To do: In the records below, find the line with "A LARGE PAIR" and the line with "NEWINGTON FOREST - Residential"; return exactly those lines and every line between them.

Web page caption snippets:

________________

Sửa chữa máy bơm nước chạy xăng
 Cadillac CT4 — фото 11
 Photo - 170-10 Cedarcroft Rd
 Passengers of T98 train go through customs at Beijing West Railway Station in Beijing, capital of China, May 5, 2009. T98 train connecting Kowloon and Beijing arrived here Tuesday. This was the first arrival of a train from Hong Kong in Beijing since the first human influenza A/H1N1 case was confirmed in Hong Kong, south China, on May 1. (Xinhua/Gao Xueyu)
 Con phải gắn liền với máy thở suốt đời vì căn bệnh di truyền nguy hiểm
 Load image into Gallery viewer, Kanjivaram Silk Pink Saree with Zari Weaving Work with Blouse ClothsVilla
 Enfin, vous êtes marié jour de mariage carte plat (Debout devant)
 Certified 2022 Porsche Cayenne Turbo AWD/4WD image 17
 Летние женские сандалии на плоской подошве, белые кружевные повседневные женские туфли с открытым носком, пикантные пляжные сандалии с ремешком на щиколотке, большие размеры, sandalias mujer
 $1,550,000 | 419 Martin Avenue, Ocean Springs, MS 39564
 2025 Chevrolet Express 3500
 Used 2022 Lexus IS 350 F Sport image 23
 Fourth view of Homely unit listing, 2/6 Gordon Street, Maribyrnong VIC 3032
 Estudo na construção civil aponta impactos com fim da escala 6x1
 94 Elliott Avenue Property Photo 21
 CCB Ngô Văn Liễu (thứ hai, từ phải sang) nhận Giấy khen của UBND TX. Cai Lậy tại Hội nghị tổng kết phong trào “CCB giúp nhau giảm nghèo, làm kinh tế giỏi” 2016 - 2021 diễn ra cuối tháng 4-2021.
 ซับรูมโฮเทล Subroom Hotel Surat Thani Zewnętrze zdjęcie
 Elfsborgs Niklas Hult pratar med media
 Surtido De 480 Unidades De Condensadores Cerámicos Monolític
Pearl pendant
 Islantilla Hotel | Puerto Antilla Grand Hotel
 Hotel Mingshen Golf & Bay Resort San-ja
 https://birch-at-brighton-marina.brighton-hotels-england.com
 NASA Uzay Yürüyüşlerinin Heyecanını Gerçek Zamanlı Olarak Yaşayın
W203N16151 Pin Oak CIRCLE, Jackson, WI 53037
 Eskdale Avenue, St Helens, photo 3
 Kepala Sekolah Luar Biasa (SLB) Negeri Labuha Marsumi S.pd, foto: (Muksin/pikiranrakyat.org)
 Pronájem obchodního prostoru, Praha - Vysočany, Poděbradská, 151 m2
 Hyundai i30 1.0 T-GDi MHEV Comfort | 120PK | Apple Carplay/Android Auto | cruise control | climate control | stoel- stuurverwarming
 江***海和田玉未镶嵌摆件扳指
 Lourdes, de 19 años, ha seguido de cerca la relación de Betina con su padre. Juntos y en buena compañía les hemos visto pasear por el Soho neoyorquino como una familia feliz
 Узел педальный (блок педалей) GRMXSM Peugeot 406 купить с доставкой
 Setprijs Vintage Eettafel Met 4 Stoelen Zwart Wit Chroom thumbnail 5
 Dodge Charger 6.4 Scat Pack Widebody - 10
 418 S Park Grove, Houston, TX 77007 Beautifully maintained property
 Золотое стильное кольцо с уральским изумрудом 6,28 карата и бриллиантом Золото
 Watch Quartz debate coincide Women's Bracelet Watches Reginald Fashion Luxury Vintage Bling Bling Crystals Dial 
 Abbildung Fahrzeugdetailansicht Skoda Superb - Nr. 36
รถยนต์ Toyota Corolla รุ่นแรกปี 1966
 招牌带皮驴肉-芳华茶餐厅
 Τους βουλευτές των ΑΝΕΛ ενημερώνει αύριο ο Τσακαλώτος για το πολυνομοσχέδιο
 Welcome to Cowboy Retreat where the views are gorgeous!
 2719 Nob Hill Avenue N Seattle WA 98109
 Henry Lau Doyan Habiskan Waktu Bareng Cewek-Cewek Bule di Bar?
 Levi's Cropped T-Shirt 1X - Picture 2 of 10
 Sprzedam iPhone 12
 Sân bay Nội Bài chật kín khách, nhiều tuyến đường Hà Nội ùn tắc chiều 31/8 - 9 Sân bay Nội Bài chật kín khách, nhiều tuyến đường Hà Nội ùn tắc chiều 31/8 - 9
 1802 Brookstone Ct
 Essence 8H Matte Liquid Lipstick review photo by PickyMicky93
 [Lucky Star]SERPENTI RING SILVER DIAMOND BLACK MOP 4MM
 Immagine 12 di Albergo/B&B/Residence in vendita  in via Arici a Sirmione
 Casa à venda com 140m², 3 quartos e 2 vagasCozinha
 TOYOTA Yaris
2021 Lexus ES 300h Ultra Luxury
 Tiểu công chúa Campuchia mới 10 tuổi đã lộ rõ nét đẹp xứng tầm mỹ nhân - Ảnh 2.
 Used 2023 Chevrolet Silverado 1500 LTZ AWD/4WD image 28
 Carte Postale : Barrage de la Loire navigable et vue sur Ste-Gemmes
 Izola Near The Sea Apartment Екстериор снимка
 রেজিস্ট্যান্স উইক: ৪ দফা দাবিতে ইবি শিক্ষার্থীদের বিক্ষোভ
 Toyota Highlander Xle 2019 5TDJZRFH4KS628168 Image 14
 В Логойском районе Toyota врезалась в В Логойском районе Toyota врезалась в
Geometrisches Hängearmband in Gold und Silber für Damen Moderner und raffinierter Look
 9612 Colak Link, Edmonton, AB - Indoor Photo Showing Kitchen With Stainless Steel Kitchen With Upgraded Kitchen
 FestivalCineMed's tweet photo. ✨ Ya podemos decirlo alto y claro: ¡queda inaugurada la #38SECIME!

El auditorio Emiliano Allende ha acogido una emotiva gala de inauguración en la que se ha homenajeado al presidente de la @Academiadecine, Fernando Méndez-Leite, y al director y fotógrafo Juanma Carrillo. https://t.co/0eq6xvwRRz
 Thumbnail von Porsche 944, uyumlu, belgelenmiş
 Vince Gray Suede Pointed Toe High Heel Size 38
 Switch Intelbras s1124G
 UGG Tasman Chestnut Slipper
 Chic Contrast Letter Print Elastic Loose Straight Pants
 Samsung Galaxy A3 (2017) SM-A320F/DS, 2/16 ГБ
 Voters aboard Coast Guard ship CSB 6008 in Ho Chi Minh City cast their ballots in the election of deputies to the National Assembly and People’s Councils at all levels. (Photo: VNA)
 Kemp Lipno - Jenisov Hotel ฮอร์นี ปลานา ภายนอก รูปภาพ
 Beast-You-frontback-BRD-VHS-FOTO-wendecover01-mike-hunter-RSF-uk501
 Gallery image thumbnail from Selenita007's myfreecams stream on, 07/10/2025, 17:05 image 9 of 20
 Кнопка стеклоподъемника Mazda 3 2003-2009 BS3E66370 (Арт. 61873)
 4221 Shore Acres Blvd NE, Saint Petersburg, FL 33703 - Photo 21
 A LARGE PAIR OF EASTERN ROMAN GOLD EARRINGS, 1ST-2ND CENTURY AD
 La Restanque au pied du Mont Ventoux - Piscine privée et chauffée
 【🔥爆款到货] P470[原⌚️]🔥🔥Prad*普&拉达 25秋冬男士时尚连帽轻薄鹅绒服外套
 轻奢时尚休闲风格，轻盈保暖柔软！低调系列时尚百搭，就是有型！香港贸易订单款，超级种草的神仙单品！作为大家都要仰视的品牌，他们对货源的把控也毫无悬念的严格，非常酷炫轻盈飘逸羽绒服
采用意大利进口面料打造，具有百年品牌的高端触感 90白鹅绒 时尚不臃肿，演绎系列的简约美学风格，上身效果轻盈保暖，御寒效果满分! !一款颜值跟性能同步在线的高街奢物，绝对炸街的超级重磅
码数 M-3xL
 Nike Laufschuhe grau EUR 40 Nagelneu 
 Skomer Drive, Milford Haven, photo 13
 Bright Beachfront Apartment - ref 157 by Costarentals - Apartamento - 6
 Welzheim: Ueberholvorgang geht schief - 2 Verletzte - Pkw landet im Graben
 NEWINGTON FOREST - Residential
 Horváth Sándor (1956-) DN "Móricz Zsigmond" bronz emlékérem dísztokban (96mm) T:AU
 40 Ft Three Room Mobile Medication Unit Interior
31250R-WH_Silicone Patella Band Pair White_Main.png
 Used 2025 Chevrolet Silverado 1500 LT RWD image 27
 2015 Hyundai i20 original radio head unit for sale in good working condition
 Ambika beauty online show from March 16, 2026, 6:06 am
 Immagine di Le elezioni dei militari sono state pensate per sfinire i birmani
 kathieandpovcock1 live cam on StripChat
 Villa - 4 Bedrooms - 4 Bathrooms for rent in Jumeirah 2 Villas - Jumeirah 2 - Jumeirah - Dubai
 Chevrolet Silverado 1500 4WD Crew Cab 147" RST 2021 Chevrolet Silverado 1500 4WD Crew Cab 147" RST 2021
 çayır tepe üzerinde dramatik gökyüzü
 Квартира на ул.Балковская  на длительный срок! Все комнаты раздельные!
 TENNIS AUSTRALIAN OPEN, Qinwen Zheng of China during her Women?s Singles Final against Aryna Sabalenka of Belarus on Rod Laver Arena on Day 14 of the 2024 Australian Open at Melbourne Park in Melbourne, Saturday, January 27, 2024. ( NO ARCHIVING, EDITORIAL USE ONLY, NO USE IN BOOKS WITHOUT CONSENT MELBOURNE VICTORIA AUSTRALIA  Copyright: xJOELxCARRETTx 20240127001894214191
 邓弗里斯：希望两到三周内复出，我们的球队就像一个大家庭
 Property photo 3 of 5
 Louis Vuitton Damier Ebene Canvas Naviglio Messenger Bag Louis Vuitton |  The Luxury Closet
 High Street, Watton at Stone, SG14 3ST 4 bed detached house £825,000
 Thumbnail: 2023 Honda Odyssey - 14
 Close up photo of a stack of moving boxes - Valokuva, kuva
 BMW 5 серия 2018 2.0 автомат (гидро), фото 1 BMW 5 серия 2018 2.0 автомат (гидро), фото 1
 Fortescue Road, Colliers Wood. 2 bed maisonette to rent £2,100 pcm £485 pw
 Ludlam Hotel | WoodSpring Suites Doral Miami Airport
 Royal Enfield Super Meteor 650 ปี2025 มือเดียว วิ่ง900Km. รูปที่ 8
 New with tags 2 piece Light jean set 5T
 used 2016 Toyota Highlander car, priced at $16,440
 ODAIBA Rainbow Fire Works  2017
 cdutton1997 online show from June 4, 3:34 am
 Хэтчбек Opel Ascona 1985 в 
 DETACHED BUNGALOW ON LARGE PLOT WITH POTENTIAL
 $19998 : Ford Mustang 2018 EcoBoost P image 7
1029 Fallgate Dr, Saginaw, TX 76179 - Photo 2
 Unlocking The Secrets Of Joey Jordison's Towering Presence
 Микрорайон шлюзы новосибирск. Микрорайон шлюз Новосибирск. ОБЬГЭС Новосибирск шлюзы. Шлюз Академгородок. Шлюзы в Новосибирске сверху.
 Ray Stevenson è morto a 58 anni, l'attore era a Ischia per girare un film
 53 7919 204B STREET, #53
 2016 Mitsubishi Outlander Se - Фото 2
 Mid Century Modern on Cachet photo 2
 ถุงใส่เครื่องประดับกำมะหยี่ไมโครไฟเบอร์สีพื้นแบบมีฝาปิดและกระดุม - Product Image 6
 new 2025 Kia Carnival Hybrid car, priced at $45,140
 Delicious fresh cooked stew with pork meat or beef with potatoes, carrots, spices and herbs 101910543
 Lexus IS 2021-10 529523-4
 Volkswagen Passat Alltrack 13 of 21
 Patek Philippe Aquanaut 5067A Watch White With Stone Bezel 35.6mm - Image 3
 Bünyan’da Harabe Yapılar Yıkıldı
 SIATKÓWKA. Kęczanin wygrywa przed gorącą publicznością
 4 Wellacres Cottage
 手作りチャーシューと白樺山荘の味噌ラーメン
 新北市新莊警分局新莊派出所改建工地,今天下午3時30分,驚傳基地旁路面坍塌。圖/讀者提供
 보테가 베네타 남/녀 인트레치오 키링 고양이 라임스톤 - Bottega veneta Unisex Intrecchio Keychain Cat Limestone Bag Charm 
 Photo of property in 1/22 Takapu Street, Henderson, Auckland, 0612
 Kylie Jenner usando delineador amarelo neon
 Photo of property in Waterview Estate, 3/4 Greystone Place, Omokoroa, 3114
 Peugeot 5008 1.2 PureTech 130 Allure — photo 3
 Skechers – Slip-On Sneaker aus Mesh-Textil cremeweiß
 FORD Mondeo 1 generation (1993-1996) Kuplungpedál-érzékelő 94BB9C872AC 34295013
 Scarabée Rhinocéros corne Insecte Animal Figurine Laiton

________________

Problem solution:
 A LARGE PAIR OF EASTERN ROMAN GOLD EARRINGS, 1ST-2ND CENTURY AD
 La Restanque au pied du Mont Ventoux - Piscine privée et chauffée
 【🔥爆款到货] P470[原⌚️]🔥🔥Prad*普&拉达 25秋冬男士时尚连帽轻薄鹅绒服外套
 轻奢时尚休闲风格，轻盈保暖柔软！低调系列时尚百搭，就是有型！香港贸易订单款，超级种草的神仙单品！作为大家都要仰视的品牌，他们对货源的把控也毫无悬念的严格，非常酷炫轻盈飘逸羽绒服
采用意大利进口面料打造，具有百年品牌的高端触感 90白鹅绒 时尚不臃肿，演绎系列的简约美学风格，上身效果轻盈保暖，御寒效果满分! !一款颜值跟性能同步在线的高街奢物，绝对炸街的超级重磅
码数 M-3xL
 Nike Laufschuhe grau EUR 40 Nagelneu 
 Skomer Drive, Milford Haven, photo 13
 Bright Beachfront Apartment - ref 157 by Costarentals - Apartamento - 6
 Welzheim: Ueberholvorgang geht schief - 2 Verletzte - Pkw landet im Graben
 NEWINGTON FOREST - Residential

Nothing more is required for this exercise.